Extracting formatted content between two bookmarks and saving it in a new Word document

I have a large word document with many chapters. Each chapter is surrounded by a Start and an End Bookmark. I need to break up this large document into many Word documents each of which would contain a separate chapter. The content has graphs, images, and visio graphs. The text is formatted and in some cases colored. In other words, I need to preserve the originality of the content in each of the new documents. Please let me know how do I do this? Thanks.

Hi
Thanks for your inquiry. Yes, of course you can achieve this using Aspose.Words. You can find code that deletes all content between bookmarks in the following thread
https://forum.aspose.com/t/102119
I think you can use the same technique to extract content between bookmarks.
Also please provide me your document for testing. If you need I can create sample code for you.
Best regards.

Hi Alexey,
Thank you for your response. Could you please create for me a sample code? Each chapter has a unique start and end bookmark. As I mentioned I need to scrape off everything including the image and the text formatting, etc. I was concerned that the code for deleting the text between bookmarks would not be concerned with the content and its formatting and just select the content between the bookmarks and erase it. That is why I thought to ask you for a sample code. Also I can not send you the original document and creating another one for testing without the original content would not do justice to its complexity. So I have to start with a code that we think is closest to what I need to do and do the testing here myself. Thank you for your help.

Hi
Thanks for your request. I will provide you code example today. It would be great to get your document for testing. You can remove all confidential content from the document of replace this content with dummy data.
Best regards.

Hi
Please see the following link
https://forum.aspose.com/t/107549
I think methods (MergeDocuments and SplitDocuments) could be useful in your case.
Best regards.

Hi Alexey,
Thak you for your response. I looked at the link content but it did not make it any easier. What I am trying to do is to replace Word with Aspose.Word and our current function to split the document is as is pasted in here. May be the best is to try to translate this Microsoft Word API to Aspose Word API. Can you please take a look at it and try to translate it to Aspose? Please also note that Microsft Word automaticaly inserts the reserved Bookmarks “\StartofDoc” and “\EndofDoc” which we would not have in the Aspose Word. This code is in VB6 which we are also converting to VB.NET. Thanks.

Function SplitDocument()

' ******************************************
' SPLIT RCVD FILE
' ******************************************

' Get RCVD file name
returnCheck = getRCVDFileName

' Get RCVD file path
returnCheck = getRCVDFilePath
If returnCheck = False Then
SplitDocument= False
Exit Function
End If

' Load Word (hidden)
LoadWord

' Number of link documents
docCount = mSplitDocs.Count

' Loop through all link documents
For SplitDocInd = 1 To docCount

' Open RCVD File
Set objDoc = objWord.Documents.Open(FileName:=mRCVDFilePath)
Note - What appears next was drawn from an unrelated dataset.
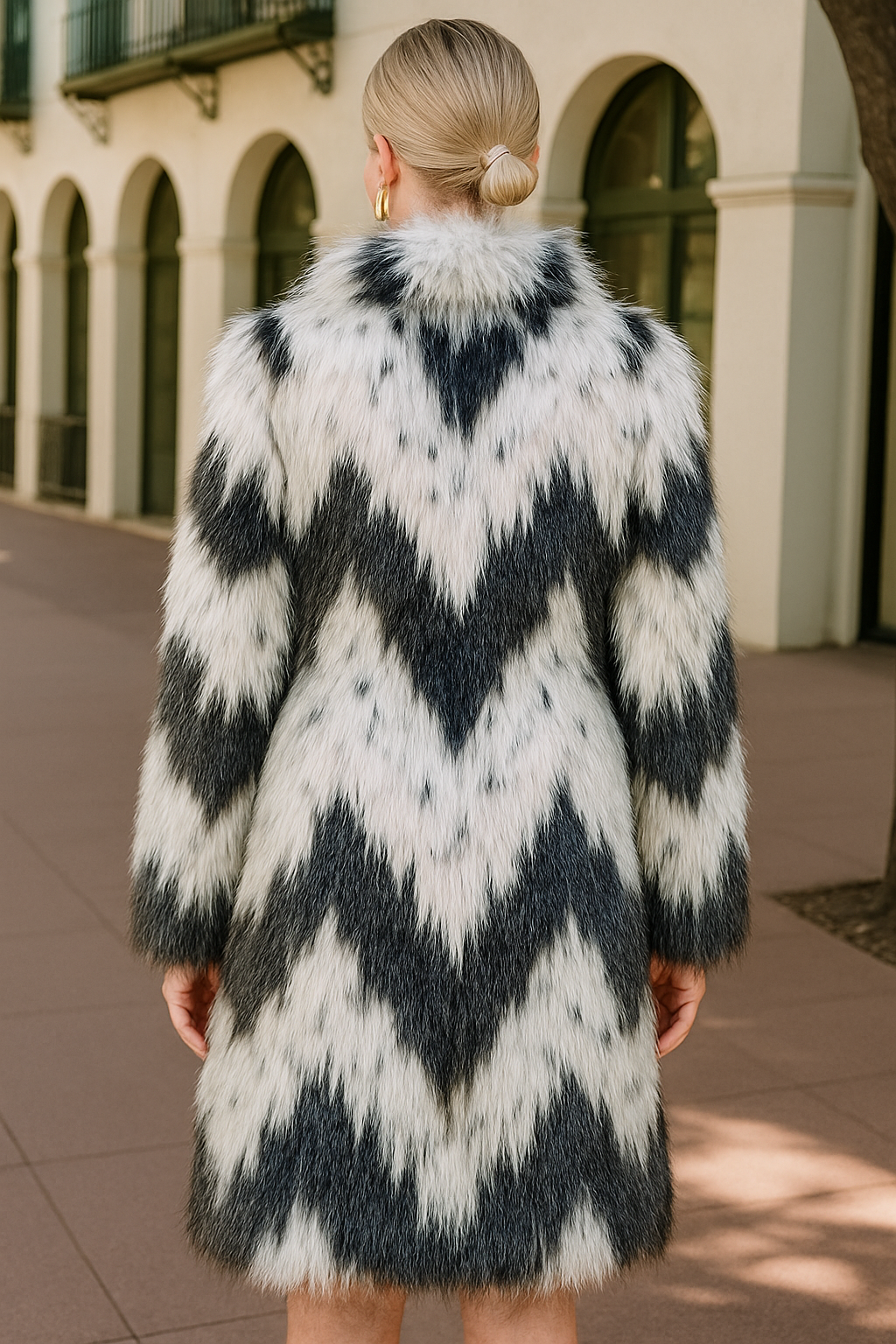 DRESDEN Faux Mongolian Fur Jacket in Blue/White Chevron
' Turn off revision tracking (visible on screen)
objWord.ActiveDocument.TrackRevisions = False
objWord.ActiveDocument.ShowRevisions = False

' Get document ID for section to be split off
docID1 = mSplitDocs.Item(SplitDocInd).docID

' Get next document ID, if any
If SplitDocInd + 1 <= docCount Then
docID2 = mSplitDocs.Item(SplitDocInd + 1).docID
Else
docID2 = 0
End If

' Count bookmarks
**bookMarkCount = objWord.ActiveDocument.Bookmarks.Count**
' First bookmark to find
firstbookmarkName = "b" & docID1

' Second bookmark to find
If docID2 > 0 Then
secondbookmarkName = "b" & docID2
End If

' See if first bookmark exists (at beginning of section)
**If objWord.ActiveDocument.Bookmarks.Exists(firstbookmarkName) Then**

' Get bookmark index (beginning of section)
**Set firstbookmark = objWord.ActiveDocument.Bookmarks.Item(firstbookmarkName)
firstbookmark.Select
firstbookmarkIndex = objWord.Selection.BookmarkID

' Set range up to first bookmark**
**Set startRange = objWord.ActiveDocument.Range(objWord.ActiveDocument.Bookmarks("\StartOfDoc").Range.Start, objWord.ActiveDocument.Bookmarks(firstbookmark).Range.End)
If debugOn Then
Message = "Set start range in CreateLinkDocs."
userWarning
End If

' See if next bookmark exists**
**If SplitDocInd < docCount And _
objWord.ActiveDocument.Bookmarks.Exists(secondbookmarkName) Then

' Move selection to end of previous page**
**Set secondbookmark = objWord.ActiveDocument.Bookmarks.Item(secondbookmarkName)
secondbookmark.Select
objWord.Selection.GoTo What:=wdGoToLine, Which:=wdGoToPrevious, Count:=1, Name:=""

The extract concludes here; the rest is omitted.